▸ **What this task involves**: Copy every line of the data below exactly as given, except for the pictures.

▸ **Data shown**:
BEGIN

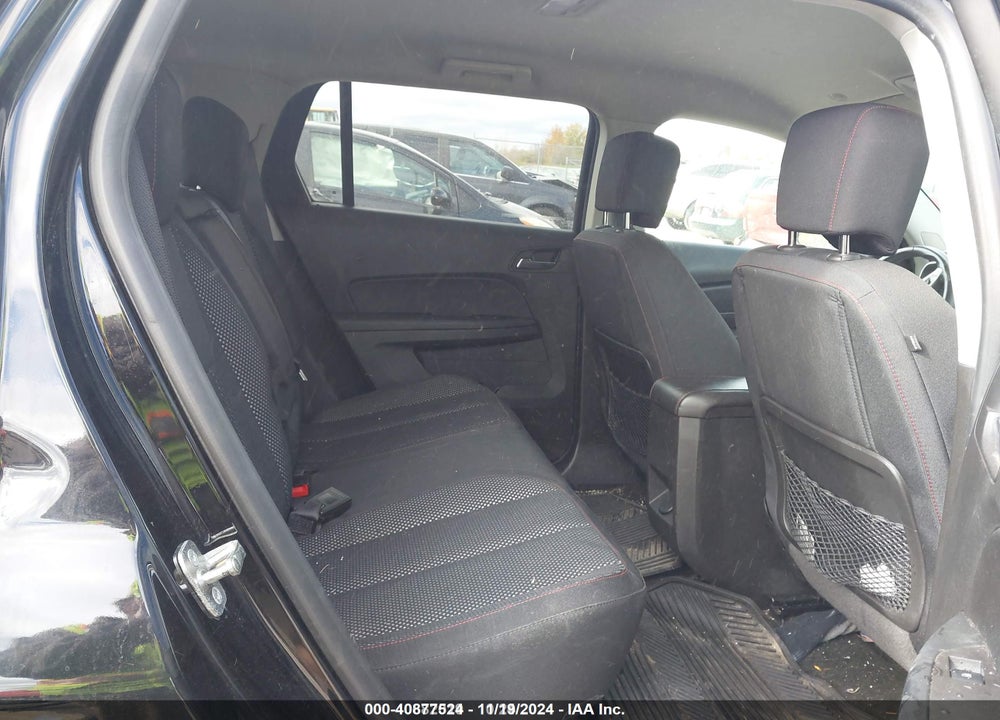 2015 GMC TERRAIN SLE-2 VIN: 2GKFLWEK2F6355545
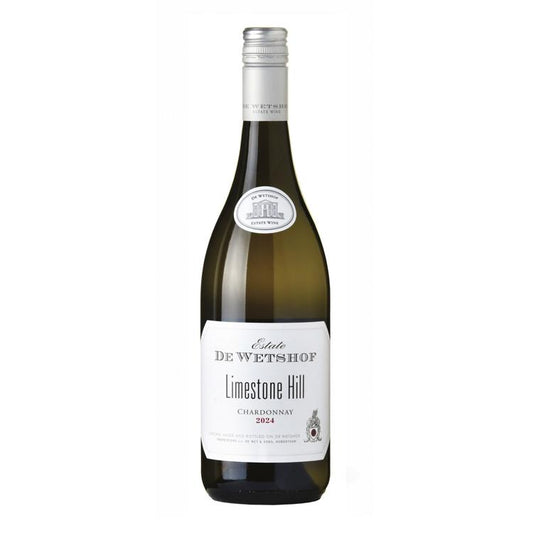 De Wetshof Chardonnay Limestone Hill '25
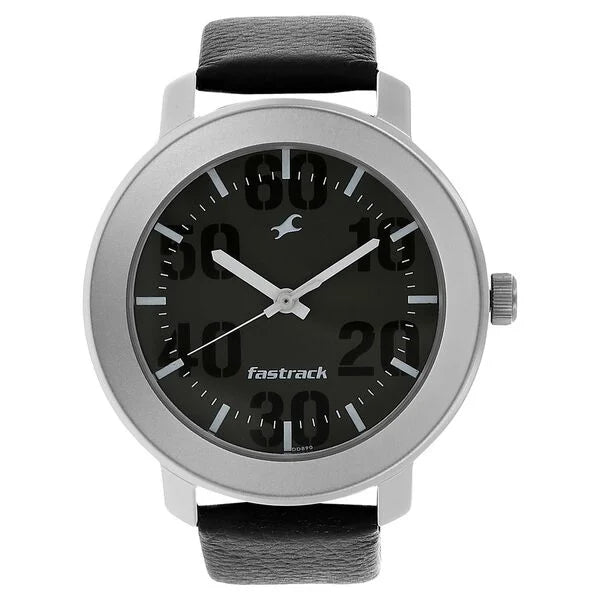FTK NP3121SL01 ANALOG FASTRACK GENTS WATCH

END

▸ **Task output**:
 2015 GMC TERRAIN SLE-2 VIN: 2GKFLWEK2F6355545
 De Wetshof Chardonnay Limestone Hill '25
FTK NP3121SL01 ANALOG FASTRACK GENTS WATCH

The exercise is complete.